**Amazon Simple Storage Service (Amazon S3)** is an object storage service that offers scalability, data availability, security, and performance.


Amazon S3 is designed for 99.999999999% (11 9's) of durability, and stores data for millions of applications for companies all around the world.


An **Amazon S3 bucket** is a storage location to hold files. S3 files are referred to as **objects**.



**Boto 3** Boto3 is the Amazon Web Services (AWS) Software Development Kit (SDK) for Python, which allows Python developers to write software that makes use of services like Amazon S3 and Amazon EC2.

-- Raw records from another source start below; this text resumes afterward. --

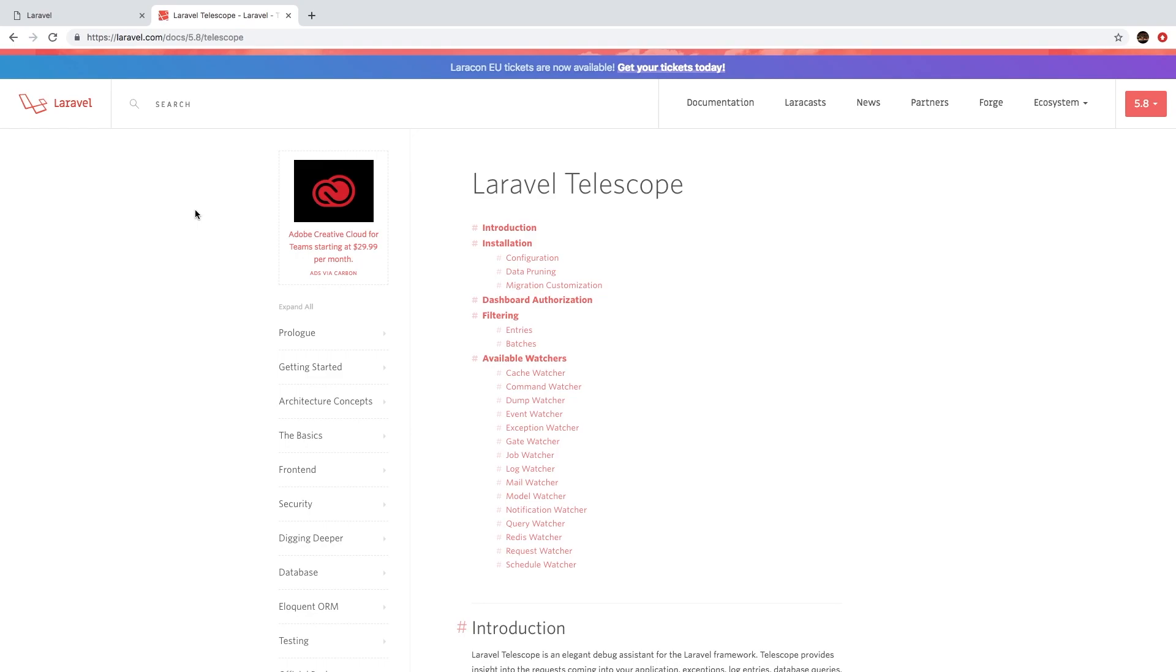As part of the Laravel ecosystem, there is a utility called Laravel Telescope. It is actually maintained by the core Laravel team, and it is a way for us to tap into our application and find out what's going on behind the scenes.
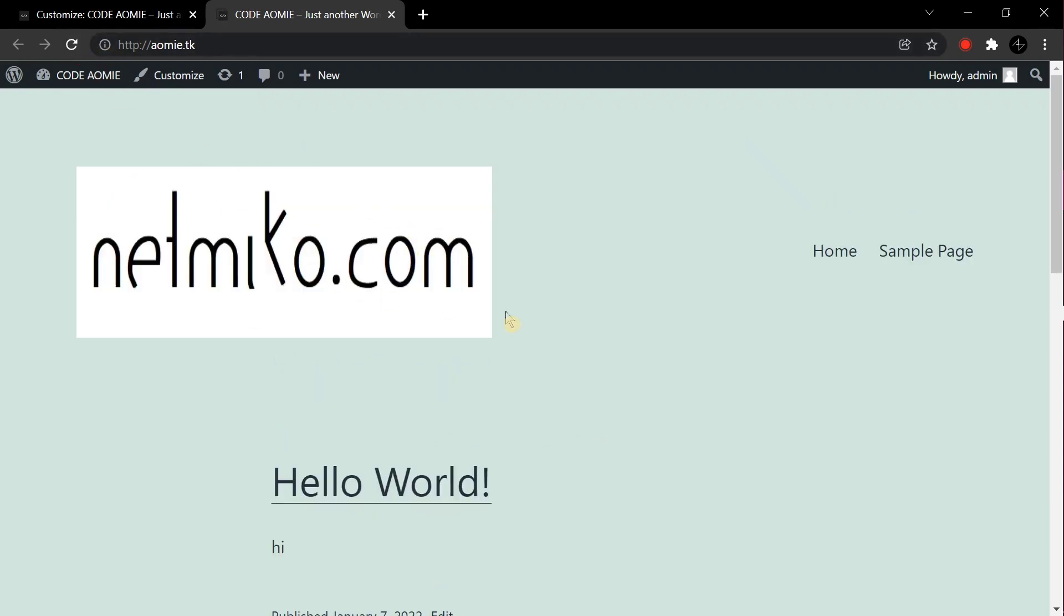That's it, that is how you can change the logo size in 2021 WordPress theme. If you need any more help, you can comment below. Thank you.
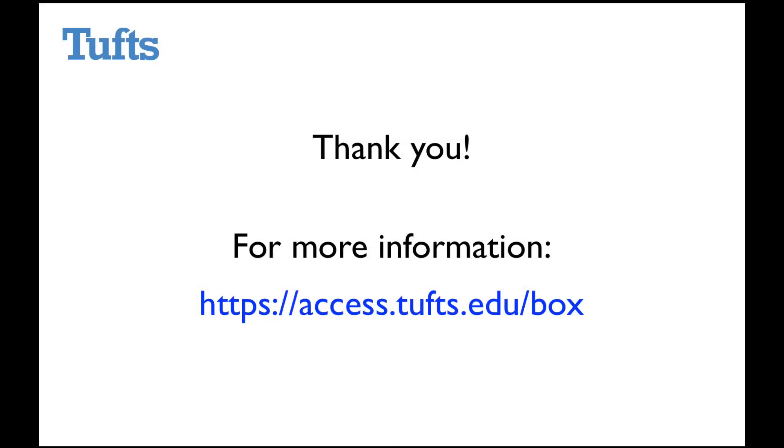Thank you for watching this video on sharing and collaboration within Box. If you'd like more information, you can go to the Box service page at access.tufts.edu slash box.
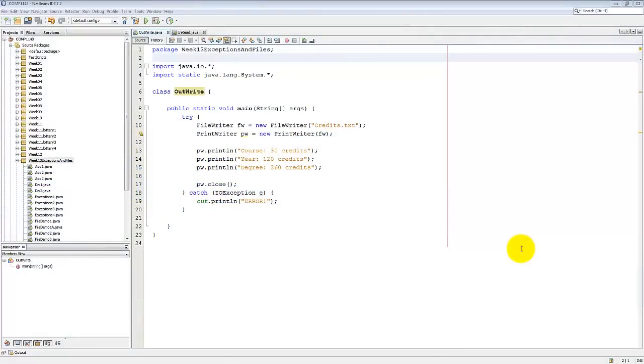Welcome to this video on how to read and write text files in Java. My name's Andy Wicks and in this video I'm going to show you two programs. One that writes out some text and the other that reads it in and displays it. Both are pretty simple.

**Create an Amazon S3 bucket**

The name of an Amazon S3 bucket must be unique across all regions of the AWS platform. The bucket can be located in a specific region to minimize latency or to address regulatory requirements.

In [1]:
import logging
import boto3
from botocore.exceptions import ClientError

# src/data/dotenv_example.py
import os
from dotenv import load_dotenv, find_dotenv

# find .env automagically by walking up directories until it's found
dotenv_path = find_dotenv()

# load up the entries as environment variables 
load_dotenv(dotenv_path, verbose=True)

AWS_ACCESS_KEY_ID = os.environ.get("AWS_ACCESS_KEY")
AWS_SECRET_ACCESS_KEY = os.environ.get("AWS_SECRET_ACCESS_KEY")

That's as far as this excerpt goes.